> _Crawled caption data_
◇ ◇ ◇
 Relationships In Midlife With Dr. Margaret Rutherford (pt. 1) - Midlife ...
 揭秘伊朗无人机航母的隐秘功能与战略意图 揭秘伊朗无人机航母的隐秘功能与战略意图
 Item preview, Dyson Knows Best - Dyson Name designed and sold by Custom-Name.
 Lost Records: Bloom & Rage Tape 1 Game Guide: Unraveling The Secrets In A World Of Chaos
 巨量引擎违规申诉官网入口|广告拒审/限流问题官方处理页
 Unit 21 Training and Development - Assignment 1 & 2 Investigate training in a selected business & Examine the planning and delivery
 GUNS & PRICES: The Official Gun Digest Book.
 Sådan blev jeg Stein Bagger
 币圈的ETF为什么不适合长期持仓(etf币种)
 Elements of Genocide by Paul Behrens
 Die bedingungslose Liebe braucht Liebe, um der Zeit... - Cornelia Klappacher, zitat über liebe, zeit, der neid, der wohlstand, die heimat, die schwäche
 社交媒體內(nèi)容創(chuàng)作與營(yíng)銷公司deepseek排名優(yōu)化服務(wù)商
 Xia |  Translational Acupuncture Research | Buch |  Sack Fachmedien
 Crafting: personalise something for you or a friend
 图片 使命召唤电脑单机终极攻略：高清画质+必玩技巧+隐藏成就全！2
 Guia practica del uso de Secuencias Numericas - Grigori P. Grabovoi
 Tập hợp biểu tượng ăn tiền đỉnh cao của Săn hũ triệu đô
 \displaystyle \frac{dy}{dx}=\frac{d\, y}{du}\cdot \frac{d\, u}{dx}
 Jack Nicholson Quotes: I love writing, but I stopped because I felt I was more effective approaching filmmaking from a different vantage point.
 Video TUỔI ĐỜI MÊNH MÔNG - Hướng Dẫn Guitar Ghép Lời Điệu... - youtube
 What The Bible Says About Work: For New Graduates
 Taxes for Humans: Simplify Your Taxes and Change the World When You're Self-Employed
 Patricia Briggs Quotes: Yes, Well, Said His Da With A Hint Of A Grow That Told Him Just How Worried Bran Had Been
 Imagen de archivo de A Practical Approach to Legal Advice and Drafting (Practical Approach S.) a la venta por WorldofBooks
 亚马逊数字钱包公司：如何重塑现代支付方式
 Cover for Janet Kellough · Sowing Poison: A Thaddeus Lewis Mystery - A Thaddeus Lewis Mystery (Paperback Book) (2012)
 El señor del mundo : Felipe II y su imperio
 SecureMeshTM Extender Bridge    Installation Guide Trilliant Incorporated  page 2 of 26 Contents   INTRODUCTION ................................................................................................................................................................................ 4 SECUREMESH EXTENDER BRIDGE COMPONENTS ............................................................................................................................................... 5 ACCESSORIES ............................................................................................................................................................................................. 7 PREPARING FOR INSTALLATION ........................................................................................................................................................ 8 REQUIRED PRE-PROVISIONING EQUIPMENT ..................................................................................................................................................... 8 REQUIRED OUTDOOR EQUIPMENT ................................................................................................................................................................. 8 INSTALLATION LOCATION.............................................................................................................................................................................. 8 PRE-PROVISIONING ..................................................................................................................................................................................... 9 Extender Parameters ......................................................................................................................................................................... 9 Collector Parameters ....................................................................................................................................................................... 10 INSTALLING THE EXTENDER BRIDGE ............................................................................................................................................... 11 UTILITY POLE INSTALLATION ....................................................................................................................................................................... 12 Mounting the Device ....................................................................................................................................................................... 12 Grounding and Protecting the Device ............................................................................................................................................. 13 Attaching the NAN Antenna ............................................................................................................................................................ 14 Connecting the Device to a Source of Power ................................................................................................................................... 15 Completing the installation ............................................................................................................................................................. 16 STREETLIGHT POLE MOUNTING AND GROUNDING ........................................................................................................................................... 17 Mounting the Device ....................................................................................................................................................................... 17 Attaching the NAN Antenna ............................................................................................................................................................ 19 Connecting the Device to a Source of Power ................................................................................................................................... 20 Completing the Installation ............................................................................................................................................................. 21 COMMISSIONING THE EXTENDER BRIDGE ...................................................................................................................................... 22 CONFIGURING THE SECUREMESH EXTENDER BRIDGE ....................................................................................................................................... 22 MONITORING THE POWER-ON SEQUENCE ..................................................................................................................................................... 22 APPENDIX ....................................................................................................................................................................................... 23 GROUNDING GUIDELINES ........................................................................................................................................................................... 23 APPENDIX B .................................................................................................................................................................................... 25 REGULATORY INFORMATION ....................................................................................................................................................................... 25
◇ ◇ ◇
> _WORK REQUEST_
Write only the number of lines in the data where the word "With" occurs.

> _COMPLETED EXERCISE_
2